ASSIGNED TASK =
Your task is to repeat all of the data exactly while excluding the pictures.

[Stored records]
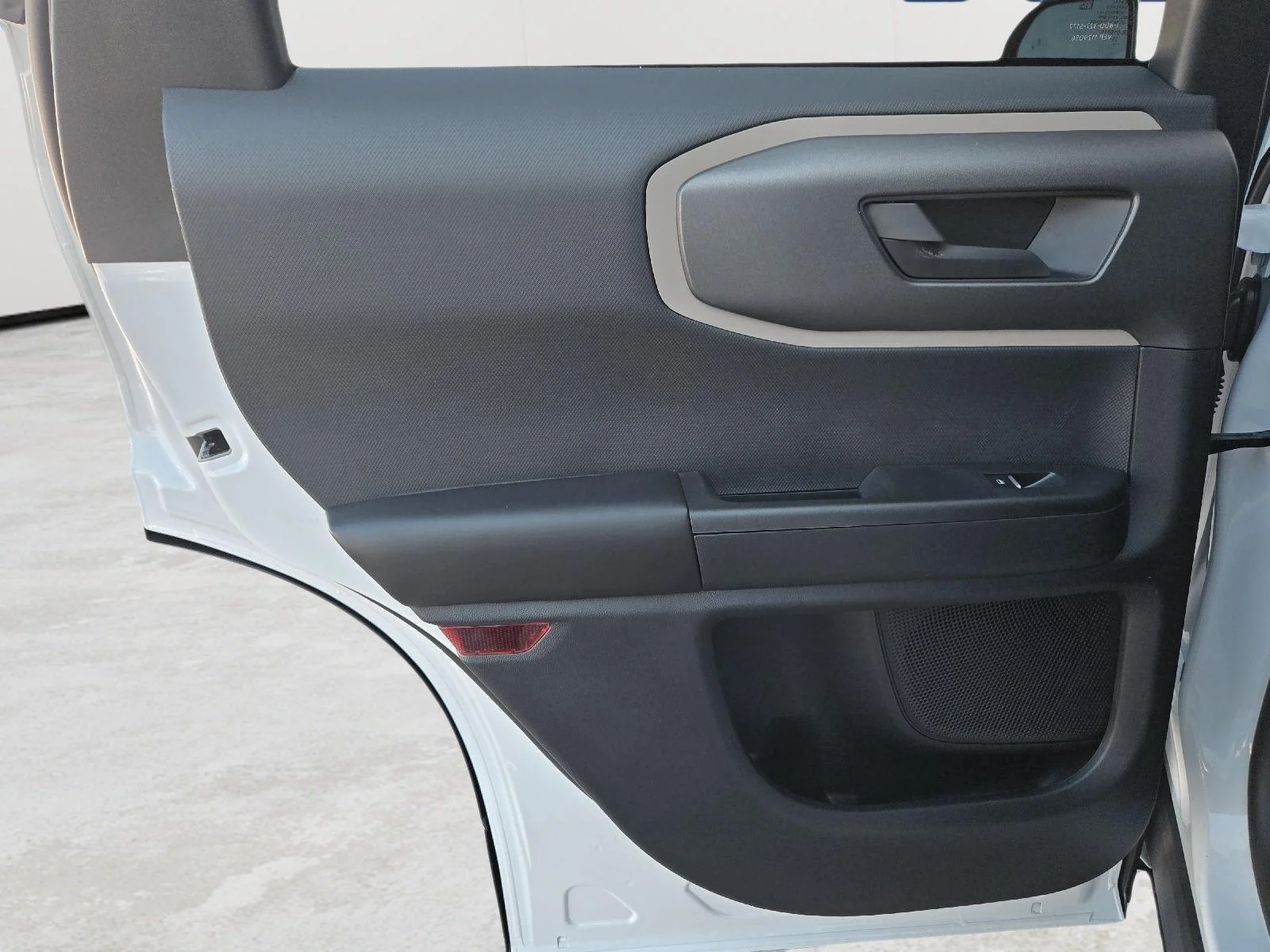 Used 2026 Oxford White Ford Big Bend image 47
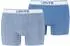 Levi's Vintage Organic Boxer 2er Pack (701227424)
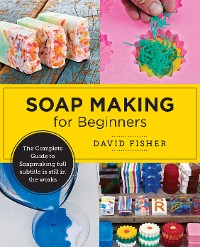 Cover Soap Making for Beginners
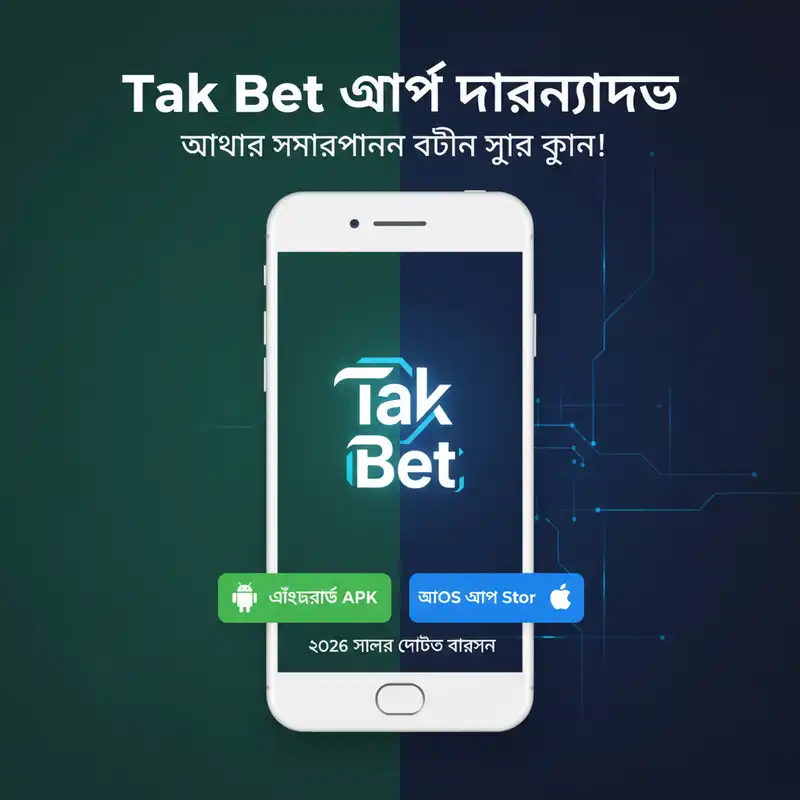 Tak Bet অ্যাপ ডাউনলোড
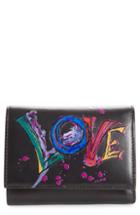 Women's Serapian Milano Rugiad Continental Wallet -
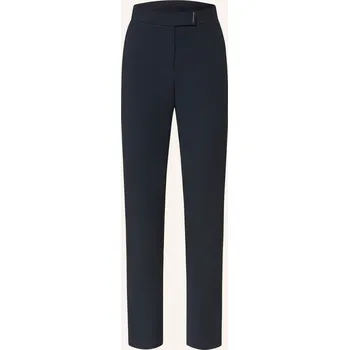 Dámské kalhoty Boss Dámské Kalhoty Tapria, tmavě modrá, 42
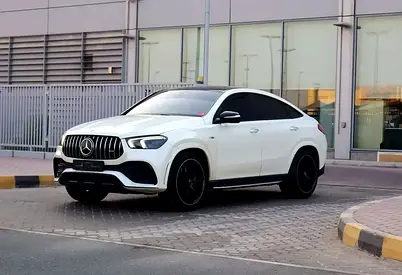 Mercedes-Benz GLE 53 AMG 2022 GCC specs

REPLY =
 Used 2026 Oxford White Ford Big Bend image 47
 Levi's Vintage Organic Boxer 2er Pack (701227424)
 Cover Soap Making for Beginners
 Tak Bet অ্যাপ ডাউনলোড
 Women's Serapian Milano Rugiad Continental Wallet -
 Dámské kalhoty Boss Dámské Kalhoty Tapria, tmavě modrá, 42
 Mercedes-Benz GLE 53 AMG 2022 GCC specs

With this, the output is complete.